- **About this task**: Could you set down the listing below exactly, leaving out its pictures?
BEGIN
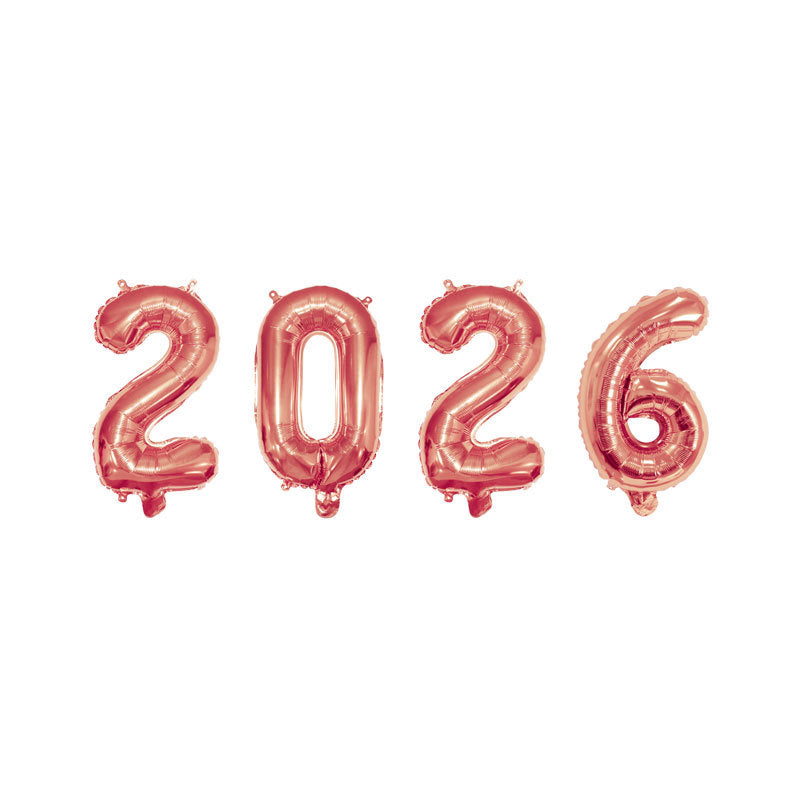 16" 32" New Year Balloons for 2026 - Min.10PCS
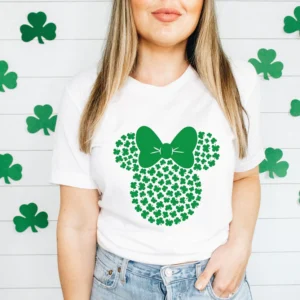 Minnie Clover St. Patty's - DTF Transfer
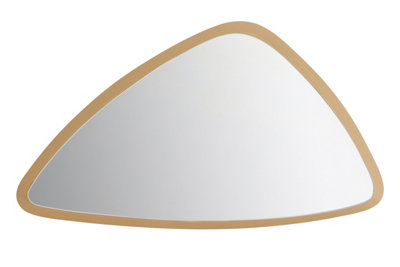 Orsina Contemporary Small Wall MirrorGeometric Design Small MirrorSturdy Lounge Mirror For HallwayHome from B&Q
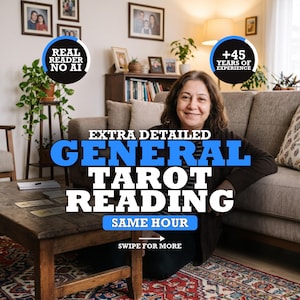 General Tarot Reading | Fortune Teller Tarot, Exact Thoughts | Personalized Honest Tarot Reading | Same Hour image 1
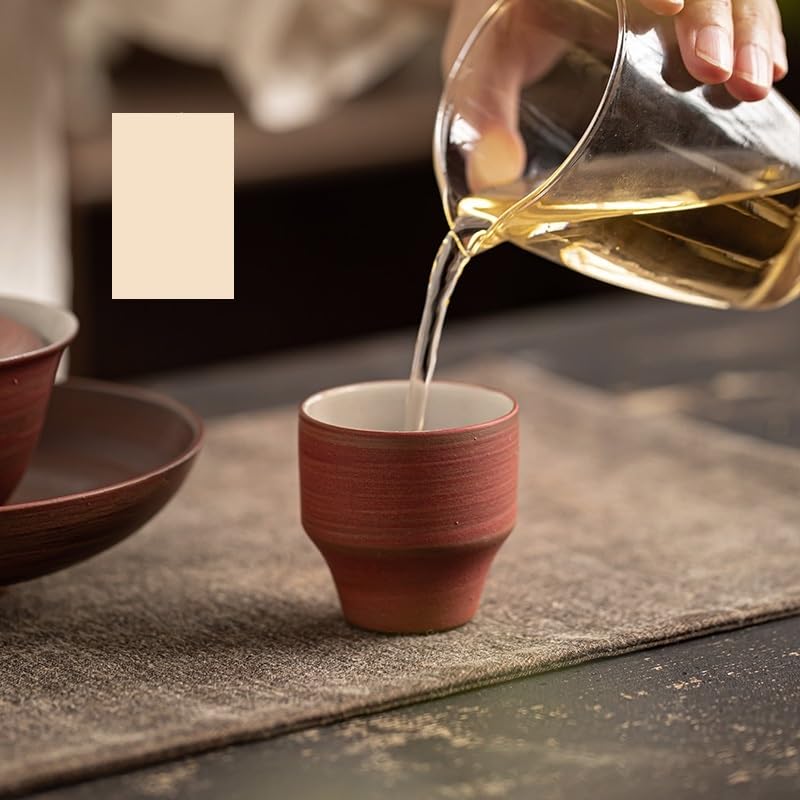 Matcha kubki retro kamionkowy kubek hosta osobisty kubek filiżanka do herbaty mała miska do herbaty dom zestaw do herbaty kung fu ceramiczny kubek do herbaty zestaw do herbaty kubek do herbaty kubek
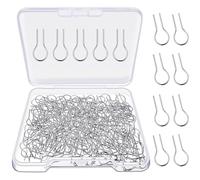 300 Pieces High Temperature Nichrome Wire Jump Rings R Shaped Nichrome Hanger Hooks for Ceramic Ornaments, Glass Projects, Porcelain，Stoneware and Fusing in Glass, with Plastic Storage Box (300)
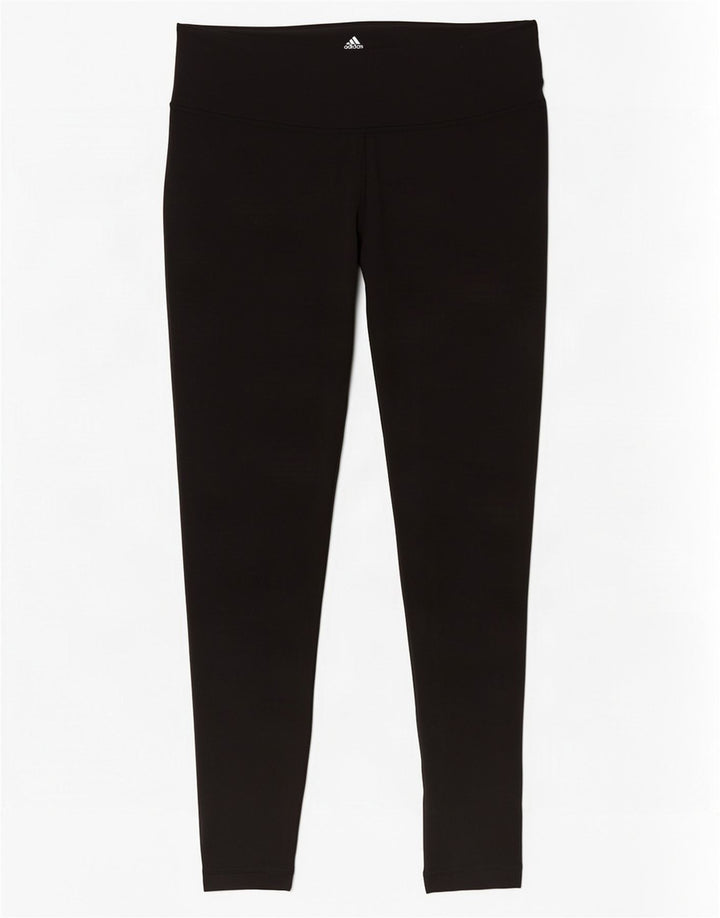 Leggings Adidas Donna UK 16/18 Large Nero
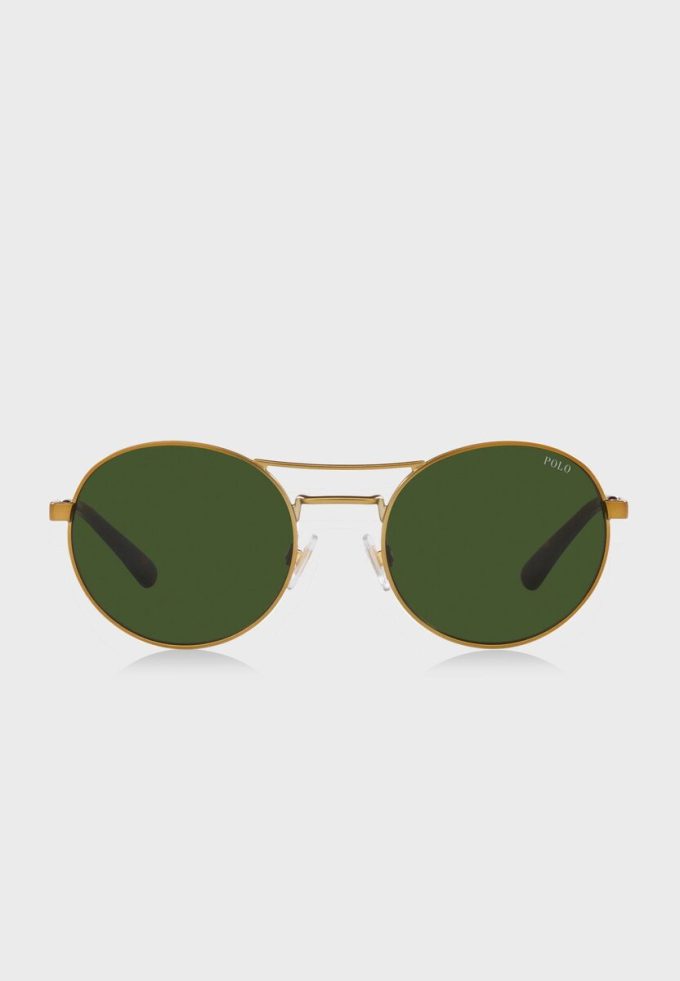 Kultaiset miesten Ralph Lauren 0Ph3142 pyöreät aurinkolasit Kultaiset miesten Ralph Lauren 0Ph3142 pyöreät aurinkolasit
END
- **Solution for this problem**:
 16" 32" New Year Balloons for 2026 - Min.10PCS
 Minnie Clover St. Patty's - DTF Transfer
 Orsina Contemporary Small Wall MirrorGeometric Design Small MirrorSturdy Lounge Mirror For HallwayHome from B&Q
 General Tarot Reading | Fortune Teller Tarot, Exact Thoughts | Personalized Honest Tarot Reading | Same Hour image 1
 Matcha kubki retro kamionkowy kubek hosta osobisty kubek filiżanka do herbaty mała miska do herbaty dom zestaw do herbaty kung fu ceramiczny kubek do herbaty zestaw do herbaty kubek do herbaty kubek
 300 Pieces High Temperature Nichrome Wire Jump Rings R Shaped Nichrome Hanger Hooks for Ceramic Ornaments, Glass Projects, Porcelain，Stoneware and Fusing in Glass, with Plastic Storage Box (300)
 Leggings Adidas Donna UK 16/18 Large Nero
 Kultaiset miesten Ralph Lauren 0Ph3142 pyöreät aurinkolasit Kultaiset miesten Ralph Lauren 0Ph3142 pyöreät aurinkolasit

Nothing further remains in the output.